Give again, word for word, the lines below that run from the line with "14k Yellow Gold" through the line with "Food Protection Final". Drop the pictures.
Start of MATERIAL TO PROCESS
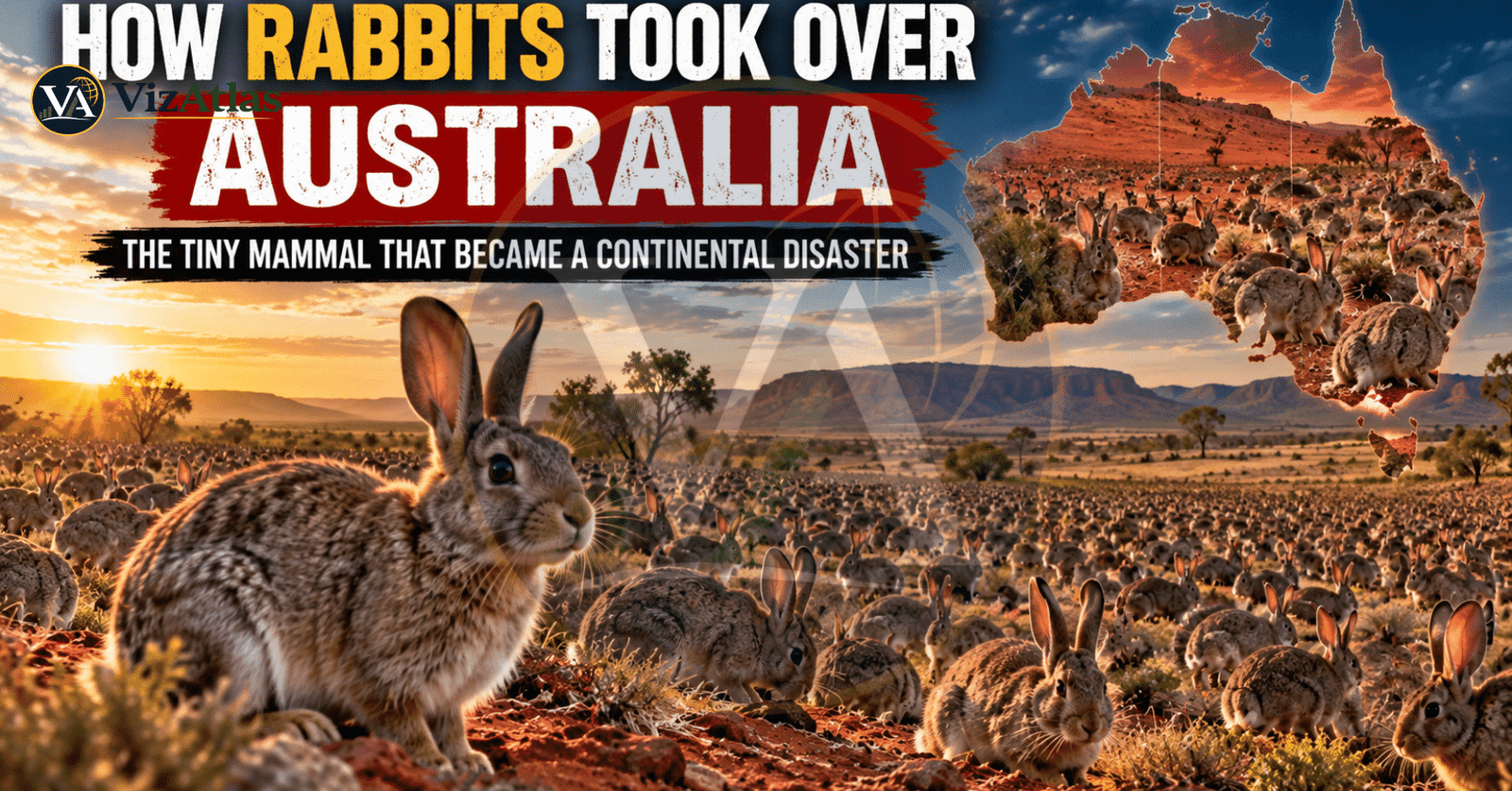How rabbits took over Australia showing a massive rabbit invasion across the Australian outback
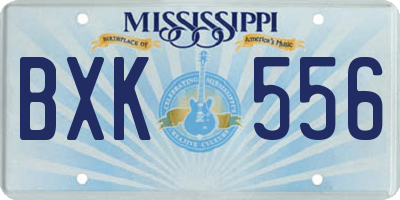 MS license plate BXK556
End of MATERIAL TO PROCESS
Start of MATERIAL TO PROCESS
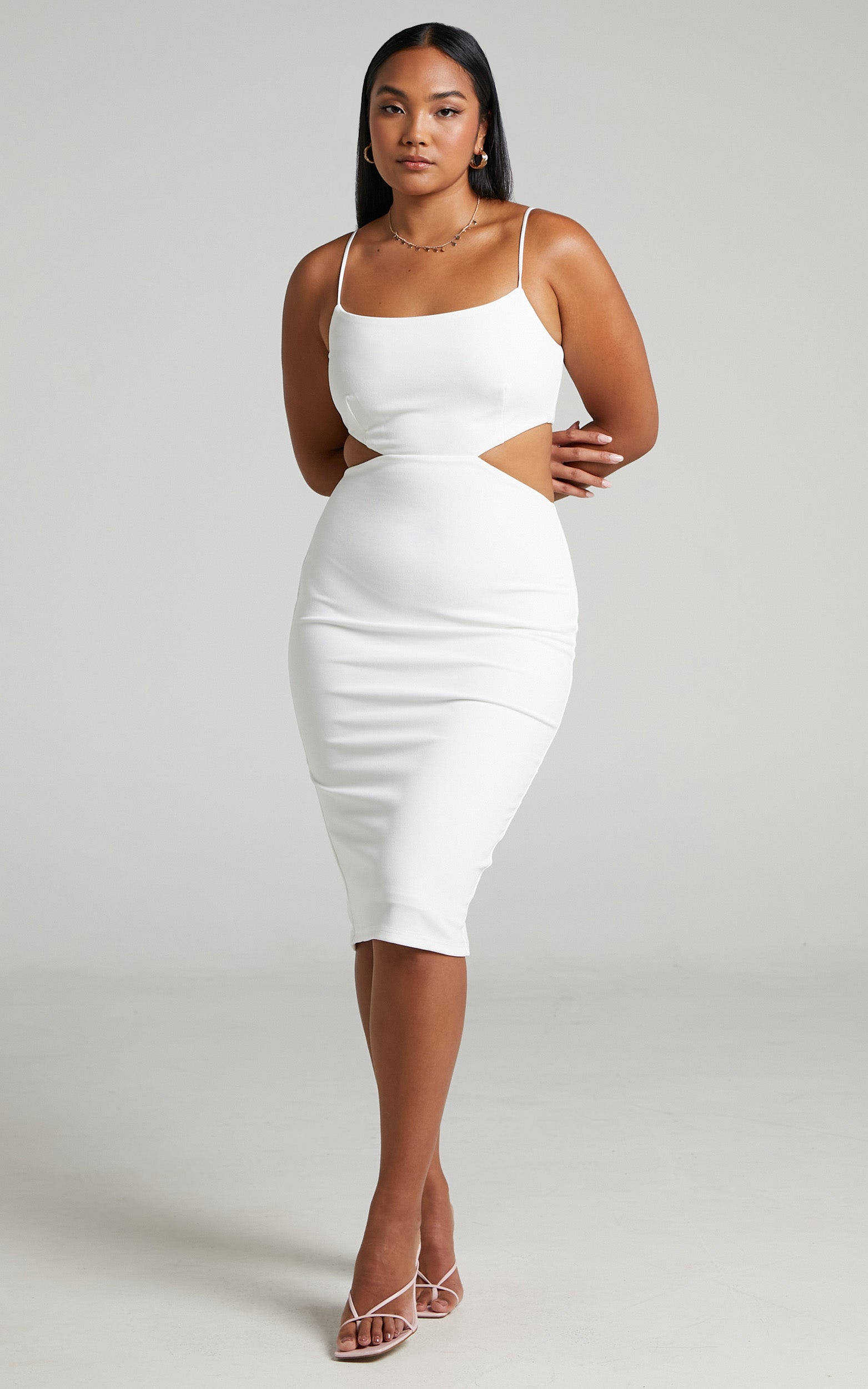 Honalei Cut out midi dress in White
End of MATERIAL TO PROCESS
Start of MATERIAL TO PROCESS
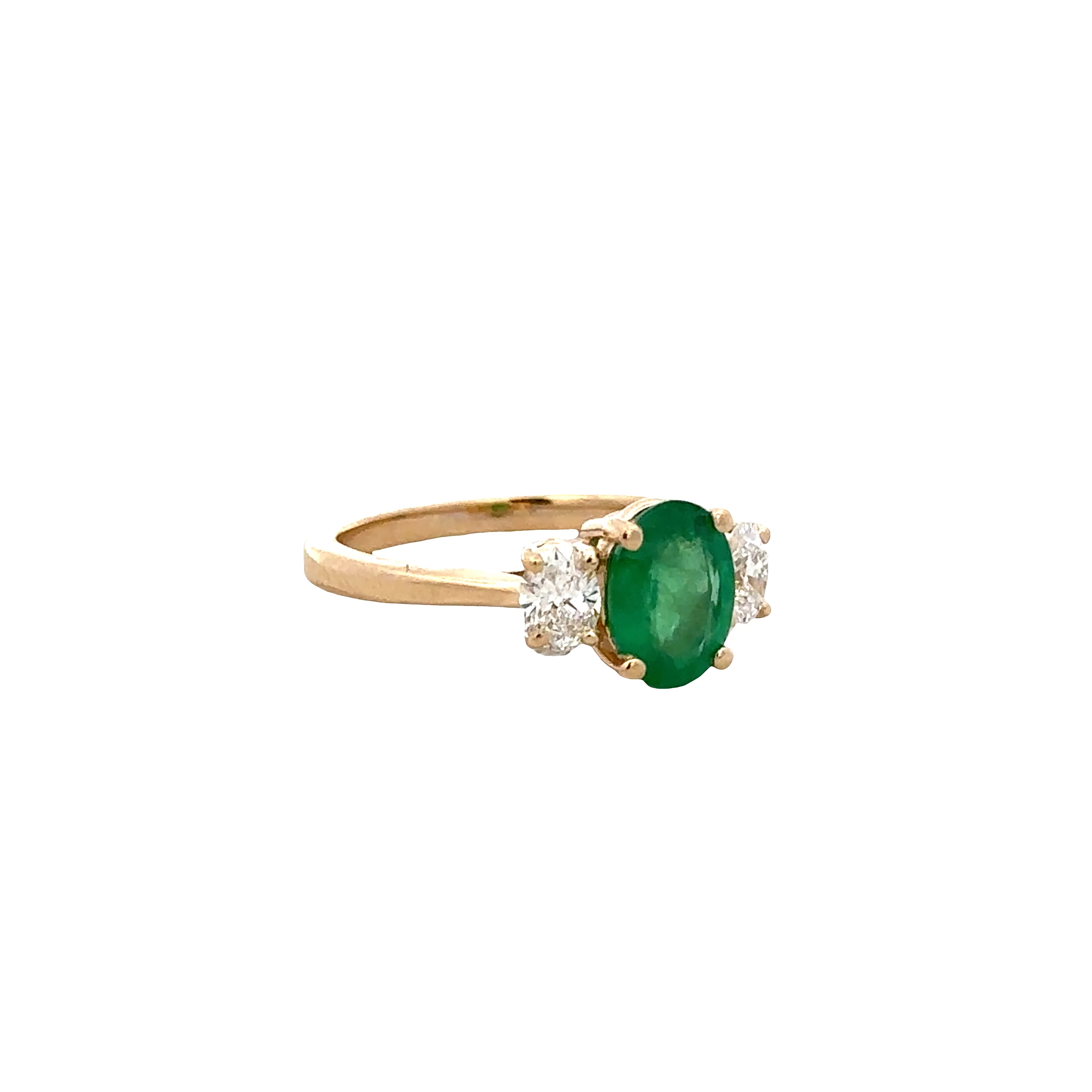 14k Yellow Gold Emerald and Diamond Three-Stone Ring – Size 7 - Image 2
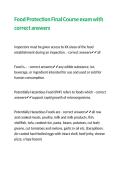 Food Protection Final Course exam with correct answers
End of MATERIAL TO PROCESS
» THE ANSWER
 14k Yellow Gold Emerald and Diamond Three-Stone Ring – Size 7 - Image 2
 Food Protection Final Course exam with correct answers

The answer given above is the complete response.